MetricsPath sets the URL path for the Prometheus scrape target. Default is "/metrics".
HealthCheckInterval controls how often the health actor checks for expired heartbeats. Default is 1 second. Shorter intervals detect failures faster but increase internal message traffic. For most applications, 1-2 seconds provides a good balance.
MetricsCollectInterval sets how often base Ergo metrics are collected (processes, memory, CPU, network, events). Default is 10 seconds. Align this with your Prometheus scrape interval; collecting more frequently than Prometheus scrapes wastes CPU; collecting less frequently means Prometheus may see stale values.
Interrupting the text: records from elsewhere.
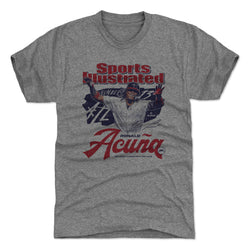 Ronald Acuna Jr. Sports Illustrated & Atlanta Player (ONLINE ORDER ONLY)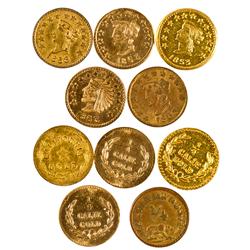 San Francisco,CA - California Tokens - 1853 :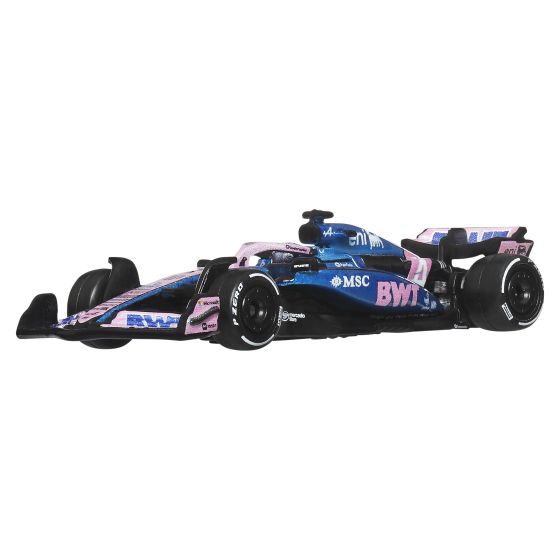 Hot Wheels Premium F1 2-Pack: BWT Alpine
MetricsTopN limits the number of entries in per-process and per-event top-N metrics tables. Default is 50. Increase this for large nodes with thousands of processes where you need broader visibility into the tail. The collection cost scales linearly with TopN.
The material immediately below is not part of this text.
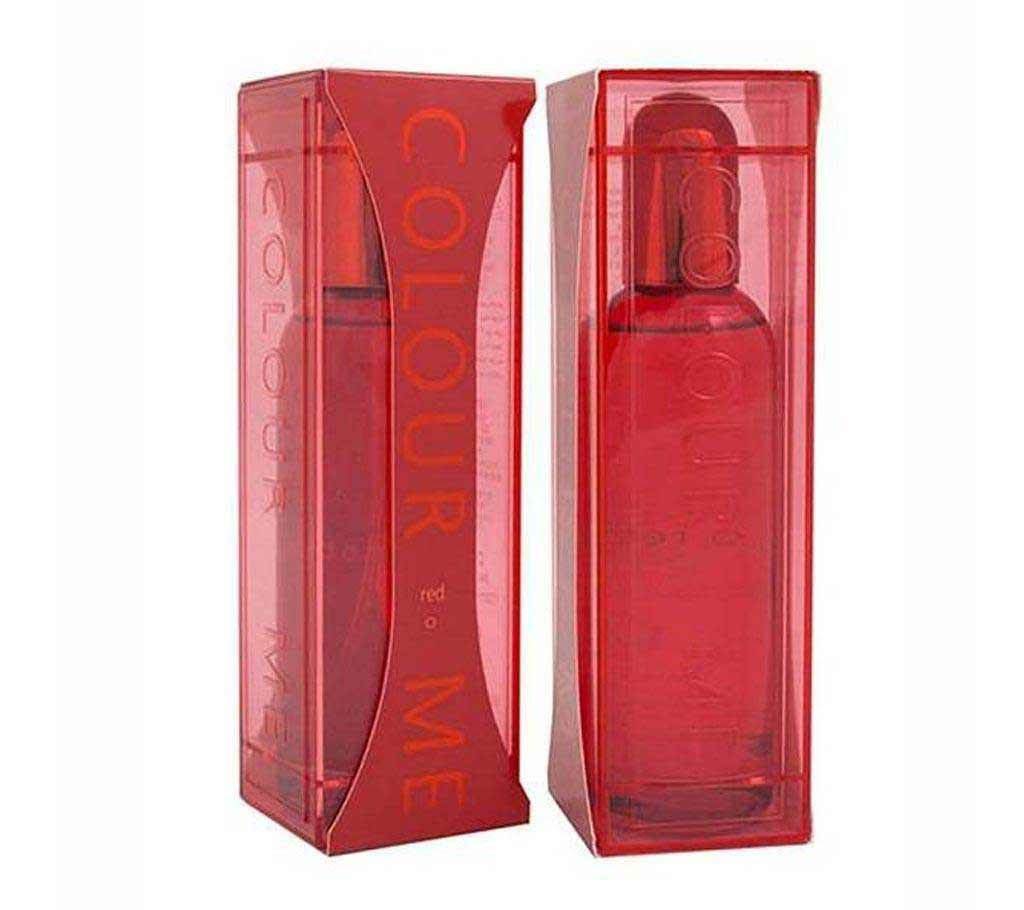 Color Me Red Women Perfume - 100ml UK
MetricsPoolSize sets the number of worker actors in the custom metrics pool. Default is 3. Under normal load, a single worker is sufficient. Increase this if many actors send frequent metric updates and you observe the metrics mailbox growing.
Health Probes
Actors register signals with Radar, specifying which probes the signal affects and an optional heartbeat timeout. The health actor monitors the registering process; if it terminates, all its signals are automatically marked as down.
Registering a Signal
The signal "postgres" participates in both liveness and readiness probes. If the heartbeat stops arriving (timeout expires) or the process terminates, Kubernetes receives a 503 on both /health/live and /health/ready.
Probe Types
radar.ProbeLiveness
/health/live
radar.ProbeReadiness
/health/ready
radar.ProbeStartup
/health/startup
Combine with bitwise OR. A signal registered for ProbeLiveness|ProbeReadiness affects both endpoints independently.
Manual Signal Control
When you can detect failures immediately without waiting for a timeout:
Helper Functions
RegisterService and UnregisterService are synchronous calls that return an error on failure. Heartbeat, ServiceUp, and ServiceDown are asynchronous sends (fire-and-forget).
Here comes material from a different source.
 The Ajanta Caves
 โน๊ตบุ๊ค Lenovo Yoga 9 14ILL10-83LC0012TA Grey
For a detailed explanation of the heartbeat model, failure detection mechanisms, and the HTTP response format, see the Health actor documentation.
Custom Metrics
Actors register Prometheus metric collectors and update them through Radar's helper functions. The underlying metrics actor manages the Prometheus registry and HTTP exposition. Registration is synchronous, updates are asynchronous.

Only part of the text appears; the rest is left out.